1. The Ballad Of Carol Lynn 2. Don’t Wanna Know Why 3. Jacksonville Skyline 4. Reasons To Lie 5. Don’t Be Sad 6. Sit & Listen To The Rain 7. Under Your Breath 8. Mirror, Mirror 9. Paper Moon 10. What The Devil Wanted 11. Crazy About You 12. My Hometown 13. Easy Hearts 14. Bar Lights 15. To Be Evil


Did you know Strangers Almanac almost became the last thing Whiskeytown released? The band had lost their record contract sometime in 1999, and thus Pneumonia’s fate could’ve easily been the same as that of Forever Valentine and the myriad of other material the band recorded between late ’97 and ‘99. But then Adams’ solo debut Heartbreaker took off in a big way in the year 2000, and thus Lost Highway Records decided it would be a good idea to take this album, recorded in 1999, off the scrap pile and put it out to ride on Heartbreaker’s coattails. The band had broken up in the interim, so Pneumonia basically served as nothing more than a gravestone. However, as a result, we are now blessed with a neat trilogy of Whiskeytown albums. Two of them are pretty similar, and one of them isn’t. That one is this one.

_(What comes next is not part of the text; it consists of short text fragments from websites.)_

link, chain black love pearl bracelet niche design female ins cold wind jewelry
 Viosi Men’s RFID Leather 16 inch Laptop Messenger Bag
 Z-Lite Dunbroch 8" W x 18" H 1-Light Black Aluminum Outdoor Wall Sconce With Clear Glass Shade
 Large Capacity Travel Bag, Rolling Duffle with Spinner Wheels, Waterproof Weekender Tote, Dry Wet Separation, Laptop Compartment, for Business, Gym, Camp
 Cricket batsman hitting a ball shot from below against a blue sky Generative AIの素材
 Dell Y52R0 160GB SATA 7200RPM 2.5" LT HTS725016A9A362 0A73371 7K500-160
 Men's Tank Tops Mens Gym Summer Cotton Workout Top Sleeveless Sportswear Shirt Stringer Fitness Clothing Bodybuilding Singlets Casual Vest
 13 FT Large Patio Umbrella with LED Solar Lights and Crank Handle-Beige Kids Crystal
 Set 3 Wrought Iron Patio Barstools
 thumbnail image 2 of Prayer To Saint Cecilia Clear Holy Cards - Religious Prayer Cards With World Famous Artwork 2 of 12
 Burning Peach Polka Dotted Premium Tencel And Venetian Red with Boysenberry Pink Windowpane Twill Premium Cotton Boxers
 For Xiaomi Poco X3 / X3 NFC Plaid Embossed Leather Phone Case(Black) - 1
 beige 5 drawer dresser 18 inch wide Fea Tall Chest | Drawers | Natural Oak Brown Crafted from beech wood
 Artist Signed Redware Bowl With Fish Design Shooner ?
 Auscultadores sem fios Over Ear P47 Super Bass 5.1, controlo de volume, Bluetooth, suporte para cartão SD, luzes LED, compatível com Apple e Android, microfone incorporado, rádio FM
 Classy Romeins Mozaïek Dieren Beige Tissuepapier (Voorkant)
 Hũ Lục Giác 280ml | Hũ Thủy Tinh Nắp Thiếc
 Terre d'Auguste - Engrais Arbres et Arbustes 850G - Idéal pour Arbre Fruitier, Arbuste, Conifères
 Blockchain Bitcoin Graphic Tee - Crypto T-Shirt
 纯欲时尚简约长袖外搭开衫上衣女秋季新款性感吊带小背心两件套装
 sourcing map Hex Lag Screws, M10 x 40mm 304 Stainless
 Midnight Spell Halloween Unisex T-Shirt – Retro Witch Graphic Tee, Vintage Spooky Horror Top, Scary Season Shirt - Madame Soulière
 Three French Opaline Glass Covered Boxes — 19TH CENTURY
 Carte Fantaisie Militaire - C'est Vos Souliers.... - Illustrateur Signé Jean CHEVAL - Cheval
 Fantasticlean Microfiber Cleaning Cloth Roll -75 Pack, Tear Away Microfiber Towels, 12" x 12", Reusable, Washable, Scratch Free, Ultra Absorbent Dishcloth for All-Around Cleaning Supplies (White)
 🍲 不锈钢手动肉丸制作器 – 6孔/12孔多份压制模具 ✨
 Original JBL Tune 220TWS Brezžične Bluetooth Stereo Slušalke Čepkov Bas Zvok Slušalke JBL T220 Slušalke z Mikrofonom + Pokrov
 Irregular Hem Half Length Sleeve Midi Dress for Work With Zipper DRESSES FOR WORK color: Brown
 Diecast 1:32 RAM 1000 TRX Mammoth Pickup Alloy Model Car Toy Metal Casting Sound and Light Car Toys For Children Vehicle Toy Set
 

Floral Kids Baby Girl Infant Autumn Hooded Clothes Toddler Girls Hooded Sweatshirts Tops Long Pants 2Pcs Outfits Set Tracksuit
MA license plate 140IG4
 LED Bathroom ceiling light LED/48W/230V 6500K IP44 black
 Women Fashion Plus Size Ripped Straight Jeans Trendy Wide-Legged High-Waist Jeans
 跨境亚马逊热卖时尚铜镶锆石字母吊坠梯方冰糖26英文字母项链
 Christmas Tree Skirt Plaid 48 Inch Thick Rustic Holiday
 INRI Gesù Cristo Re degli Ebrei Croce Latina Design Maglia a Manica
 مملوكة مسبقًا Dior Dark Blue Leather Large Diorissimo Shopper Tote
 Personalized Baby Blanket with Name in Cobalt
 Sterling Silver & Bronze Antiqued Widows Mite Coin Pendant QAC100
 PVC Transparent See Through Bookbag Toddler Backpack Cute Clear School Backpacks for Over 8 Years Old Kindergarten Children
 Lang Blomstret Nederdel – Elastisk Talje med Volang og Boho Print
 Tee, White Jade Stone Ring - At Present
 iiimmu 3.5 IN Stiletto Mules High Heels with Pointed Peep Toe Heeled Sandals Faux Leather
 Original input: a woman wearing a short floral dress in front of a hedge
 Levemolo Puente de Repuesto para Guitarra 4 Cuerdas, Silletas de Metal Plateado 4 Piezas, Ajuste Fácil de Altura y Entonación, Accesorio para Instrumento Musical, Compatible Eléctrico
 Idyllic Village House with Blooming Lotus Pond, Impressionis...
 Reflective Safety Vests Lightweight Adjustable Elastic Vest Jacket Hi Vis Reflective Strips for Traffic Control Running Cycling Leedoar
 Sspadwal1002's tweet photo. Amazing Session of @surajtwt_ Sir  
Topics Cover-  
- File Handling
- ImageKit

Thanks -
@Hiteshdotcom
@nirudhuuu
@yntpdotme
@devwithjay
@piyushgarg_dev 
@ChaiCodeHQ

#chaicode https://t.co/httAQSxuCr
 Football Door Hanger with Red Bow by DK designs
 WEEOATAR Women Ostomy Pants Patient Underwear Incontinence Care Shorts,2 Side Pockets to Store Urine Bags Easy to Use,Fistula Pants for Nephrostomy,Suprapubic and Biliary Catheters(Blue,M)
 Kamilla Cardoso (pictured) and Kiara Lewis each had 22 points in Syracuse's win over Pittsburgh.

I believe this is what critics are wont to call a “bold left turn.” You know, when a band breaks free of the shackles of stylistic pigeonholing and expectations and blows people’s minds with their rebelliousness by sounding different than they did before. Like when Metallica did that album with an orchestra. Or when Metallica sold out to MTV. Or when Metallica collaborated with Lou Reed. Or how sad it is that all of these things actually happened. Well, that’s sort of what Whiskeytown were going for here; busting out of the alt-country box and playing—gasp!—Beatles-esque pop! Eat shit, James Hetfield! Where’s your fake 1967 album-UH?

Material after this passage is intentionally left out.